= Bratimir Vasiljević =

Serbian politician

Bratimir Vasiljević (Братимир Васиљевић; born 12 February 1953) is a politician in Serbia. He is currently serving his second term in the National Assembly of Serbia. He has also been active in the municipal government of Niš and served as mayor of the city's Pantelej municipality from 2016 to 2020. Vasiljević is a member of the Serbian Progressive Party.

==Early life and private career==
Vasiljević is a graduated manager. He worked for the companies Zaječar and Prosveta in Belgrade before 1981, was the head of a sports equipment store in the same city from 1981 to 1989, and operated a private business from 1998 to 2008.

==Politician==
Vasiljević appeared on the electoral list of the far-right Serbian Radical Party in the 2008 Serbian parliamentary election. He was not selected for a mandate. The Radical Party experienced a significant split later in 2008, with several prominent members joining the new Serbian Progressive Party under the leadership of Tomislav Nikolić and Aleksandar Vučić. Vasiljević sided with the Progressives.

He was elected to the Pantelej municipal assembly in the 2012 Serbian local elections and was subsequently chosen as its president (i.e., speaker). He also received the twenty-ninth position on the Progressive list for the city assembly of Niš in 2012 and was not immediately elected when the list won seventeen mandates.
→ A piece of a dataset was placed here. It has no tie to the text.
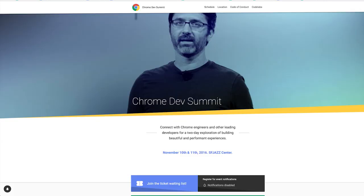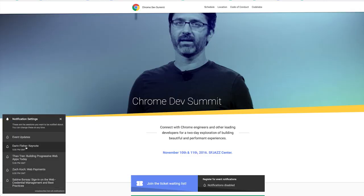The other thing you can do is if there's specific sessions you want to actually see, you can go to the website and click on the notifications button in the bottom corner, or go to an individual session and click on the notifications button. You'll get prompted by Chrome to send you push notifications, and we will push you a notification when a specific session is going live.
He was given a city mandate in 2014 as the replacement for Ljubica Mrdaković Todorović and resigned from the Pantelej assembly not long thereafter.
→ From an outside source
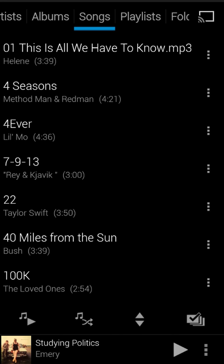Hi guys, Justin from JRT Studio here, and this week I wanted to cover some of Rocket Player's really cool headset settings.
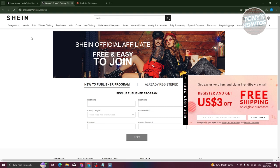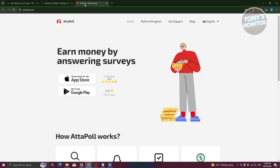By the way, there are a lot of affiliate program tutorials on our channel, so make sure to check those out. This is one of the ways of earning or getting free clothes from Shein, because sometimes they give you offers if you do well on the platform.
Vasiljević was given the 149th position on the Progressive Party's Aleksandar Vučić — Future We Believe In list in the 2014 parliamentary election and was elected list when the list won a majority with 158 out of 250 mandates. He served as a backbench supporter of the government for the next two years and was not a candidate for re-election at the republic level in 2016.
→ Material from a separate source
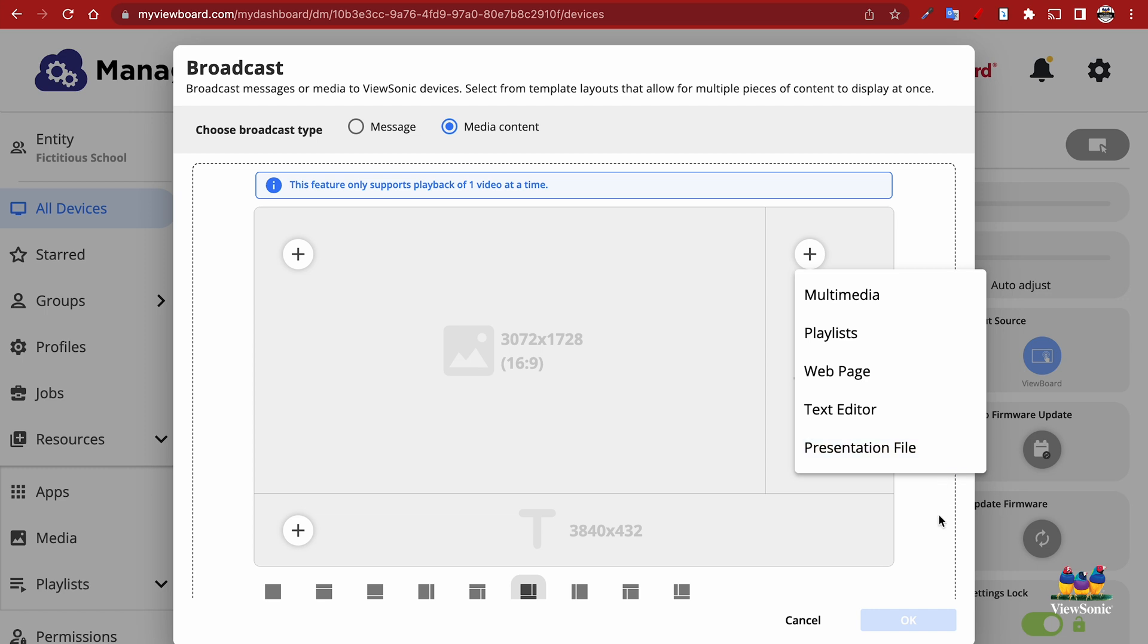Now it's important to note that you can only have one video on the playlist, but you can have multiple web pages and other types of content.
Re-elected to the Pantelej municipal assembly in the 2016 local elections, he was subsequently chosen as president (i.e., mayor) of the municipality when the Progressives formed an alliance with the Radicals and the Democratic Party of Serbia. He was again re-elected to the Pantelej municipal assembly in the 2020 Serbian local elections.

Vasiljević received the sixty-fifth position on the Progressive Party's Aleksandar Vučić — For Our Children list in the 2020 Serbian parliamentary election and was elected to a second term when the list won a landslide majority with 188 mandates. He contracted COVID-19 during the 2020 global pandemic, not long after being re-elected to the national assembly; his condition was serious, although he subsequently recovered.

He is now a member of the assembly committee on finance, state budget, and control of public spending; a member of the committee on the judiciary, public administration, and local self-government; a deputy member of the committee on Kosovo-Metohija; and a member of the parliamentary friendship groups with Albania, Azerbaijan, the Bahamas, Belarus, Botswana, Bulgaria, Cameroon, the Central African Republic, Comoros, Croatia, the Dominican Republic, Ecuador, Equatorial Guinea, Eritrea, Germany, Greece, Grenada, Guinea-Bissau, Hungary, Italy, Jamaica, Japan, Kyrgyzstan, Laos, Liberia, Madagascar, Mali, Mauritius, Montenegro, Mozambique, Nauru, Nicaragua, Nigeria, North Macedonia, Norway, Palau, Paraguay, Papua New Guinea, the Republic of Congo, Russia, Saint Vincent and the Grenadines, Sao Tome and Principe, Slovenia, the Solomon Islands, South Sudan, Sri Lanka, Sudan, Suriname, Togo, Trinidad and Tobago, Turkey, the United States of America, Uruguay, and Uzbekistan.